Each drop of rain that fell upon him drowned.
I might have drowned that day as well,
tethered out yonder on the deep mad river, moaning,
"Come back, you fool, come back…" and diving,
he cried: She is a woman over whom every cloud moves past!
and the waters that day were winning.

Since then I see her less,
whether in her walls or waiting. I could not make it last unless
I clung to dried pansies and a scrap of her dress,
joys both true and untrue.
Eventually their sickly cloud moved thickly past.
I untethered my legs and went home.


Shame is that human being, who lifted his hands, who cupped his crotch,
who backed down, and bent over, and out of his spot
because a Hummer's much Bigger than a Pontiac is
and that Hummer--that Hammer--feels Big.
The only thing my father ever says is: You just try and get out on top.
And he dies everyday so that I can be the Biggest.
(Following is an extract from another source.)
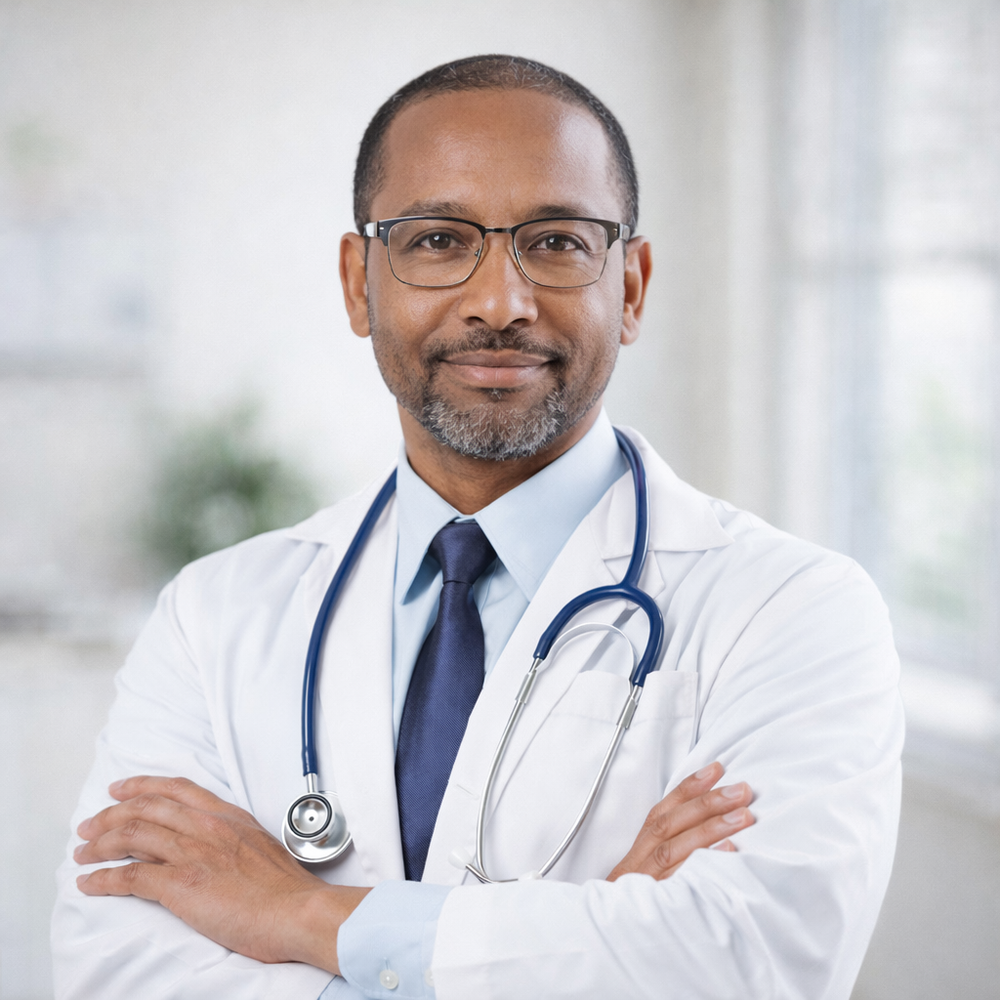 <h1><strong><br/>Proudly To Be Praised By Medical Experts </strong><br/><br/></h1>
There comes a time when I can't tell how far to take my father's words,
and what it is I ought to know and believe.
I know my fists hurt from the rain,
and that Shame is every human being
whose tears fall taciturn upon a proud & puddled Earth, and that I,
in my high belief to listen, read my Dream Songs on the curb

and that it's been forty years since my father read Golding…
33 since Henry had a most marvellous piece of luck.
Not much has changed since in the world of parking lots:
most people are still jerks; no one gives a fuck about the rats;
and more important, Mister Bones, if we both dies tomorrow,
that Hammer's still got his spot. You just try and get out on top.